[EMAIL PROTECTED] wrote:
*snip*
PS: I keep thinking that this is not 9fans, but rather
alt.folklore.computers. Does anyone out there have a copy of
Hollingdale and Toothill (Digital Computers, was it?) that they would
be willing to part with for a moderate amount of money?
Well...
'C' *has* had an inordinately long run, and that has not always pleased even its
creators. No tool remains 'good enough' forever, let alone 'best and only'.
Similarly, Plan9 itself seems to have gone from bleeding edge to minor sideshow
without much time on stage in between.
Speaking of respect, admiration, use as a source of inspiration, partial
emulation - not of 'popularity', per se. A Loonix 'distro' it is not.

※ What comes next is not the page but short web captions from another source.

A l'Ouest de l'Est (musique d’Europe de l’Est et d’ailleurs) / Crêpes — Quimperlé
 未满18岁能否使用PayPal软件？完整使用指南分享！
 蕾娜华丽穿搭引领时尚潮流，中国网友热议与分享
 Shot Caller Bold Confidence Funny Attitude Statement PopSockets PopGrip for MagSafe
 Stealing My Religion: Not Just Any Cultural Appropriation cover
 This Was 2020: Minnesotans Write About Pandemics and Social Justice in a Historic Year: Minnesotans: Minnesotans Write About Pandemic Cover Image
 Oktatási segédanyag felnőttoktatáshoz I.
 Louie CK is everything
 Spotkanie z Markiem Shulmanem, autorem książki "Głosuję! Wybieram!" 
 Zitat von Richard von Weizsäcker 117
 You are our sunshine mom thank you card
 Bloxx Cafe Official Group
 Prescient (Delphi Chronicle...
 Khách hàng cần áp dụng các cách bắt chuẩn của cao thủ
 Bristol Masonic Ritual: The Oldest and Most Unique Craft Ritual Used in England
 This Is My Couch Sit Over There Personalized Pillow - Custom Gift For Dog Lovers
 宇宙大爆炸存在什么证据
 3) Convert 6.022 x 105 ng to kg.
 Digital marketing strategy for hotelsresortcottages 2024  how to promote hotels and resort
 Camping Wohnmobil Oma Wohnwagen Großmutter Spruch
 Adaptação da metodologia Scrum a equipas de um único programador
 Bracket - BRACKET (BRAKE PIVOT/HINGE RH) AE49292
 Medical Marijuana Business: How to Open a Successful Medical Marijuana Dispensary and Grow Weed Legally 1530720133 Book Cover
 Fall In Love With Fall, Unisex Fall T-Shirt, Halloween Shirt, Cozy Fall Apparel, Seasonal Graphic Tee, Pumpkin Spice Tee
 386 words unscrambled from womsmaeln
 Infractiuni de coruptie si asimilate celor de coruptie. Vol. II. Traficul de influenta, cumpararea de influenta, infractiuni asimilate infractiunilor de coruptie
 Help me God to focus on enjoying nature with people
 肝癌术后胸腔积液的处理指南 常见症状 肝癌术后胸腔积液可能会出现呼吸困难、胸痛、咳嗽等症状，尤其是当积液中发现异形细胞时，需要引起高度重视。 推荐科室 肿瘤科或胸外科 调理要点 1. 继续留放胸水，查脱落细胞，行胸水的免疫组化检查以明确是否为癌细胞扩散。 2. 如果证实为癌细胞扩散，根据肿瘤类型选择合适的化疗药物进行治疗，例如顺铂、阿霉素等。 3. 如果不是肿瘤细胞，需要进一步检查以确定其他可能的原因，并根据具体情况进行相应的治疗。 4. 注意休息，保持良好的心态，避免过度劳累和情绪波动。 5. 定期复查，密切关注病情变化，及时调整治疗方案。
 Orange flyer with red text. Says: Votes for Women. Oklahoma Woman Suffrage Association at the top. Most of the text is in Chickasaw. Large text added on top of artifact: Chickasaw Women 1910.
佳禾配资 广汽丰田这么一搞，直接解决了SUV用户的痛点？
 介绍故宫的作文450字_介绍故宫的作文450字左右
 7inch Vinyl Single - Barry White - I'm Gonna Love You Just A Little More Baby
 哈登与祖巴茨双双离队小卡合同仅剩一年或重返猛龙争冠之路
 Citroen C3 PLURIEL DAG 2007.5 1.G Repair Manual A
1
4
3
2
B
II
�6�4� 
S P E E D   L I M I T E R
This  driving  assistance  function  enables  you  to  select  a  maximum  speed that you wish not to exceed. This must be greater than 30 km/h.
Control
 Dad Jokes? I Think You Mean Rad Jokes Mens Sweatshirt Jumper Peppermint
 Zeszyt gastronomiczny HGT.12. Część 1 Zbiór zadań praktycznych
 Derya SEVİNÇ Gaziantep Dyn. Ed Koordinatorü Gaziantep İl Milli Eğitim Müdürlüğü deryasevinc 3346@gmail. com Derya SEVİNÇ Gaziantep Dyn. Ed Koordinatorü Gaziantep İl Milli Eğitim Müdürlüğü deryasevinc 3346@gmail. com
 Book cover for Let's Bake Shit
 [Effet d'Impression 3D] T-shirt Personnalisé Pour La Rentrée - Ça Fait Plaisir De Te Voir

UTF-8 - for which I am very grateful, seems to be the most visible and enduring
contribution, and few who depedn on it are even aware that it was Plan9 related.
Maybe it is again time to do something new and shed another round of baggage -
even if it is not HP Maxim's '.. whole nine yards'.
Available CPU power is astonishing nowadays. More than we can actually put to
work on personal task if not 'servicing' (as in animal husbandry) MS Orifice and
their parasites.
How about a voice-driven, speaker-independent human-machine interface?
Demonstrated, and quite well, even with Mandarin, by IBM on a mainframe no more
powerful THEN than commodity CPU and aoofrdable RAM are NOW.
A natural for remote 'plumbing' over a 'net. Speech bandwidth need is really
small compared to VNC or large file transfer for local manipulation when all ou
want is the *answer* the human PA we can no longer afford to emply coudl have
gotten for you.
Hands free, and surely beats hell out of those itty-bitty keypads... could even
make acme/rio paging model finally make sense...
Computer voice: <selectable size chunk of speach output>.
user's voice: ['more' | 'repeat' | 'end' | 'next' | 'new'| 'snarf']
;-)
.. hmm .. or was Plan9 involved in AT&T automated attendant / directory service
interfaces in the first place?
... seems a natural fit to the networking model.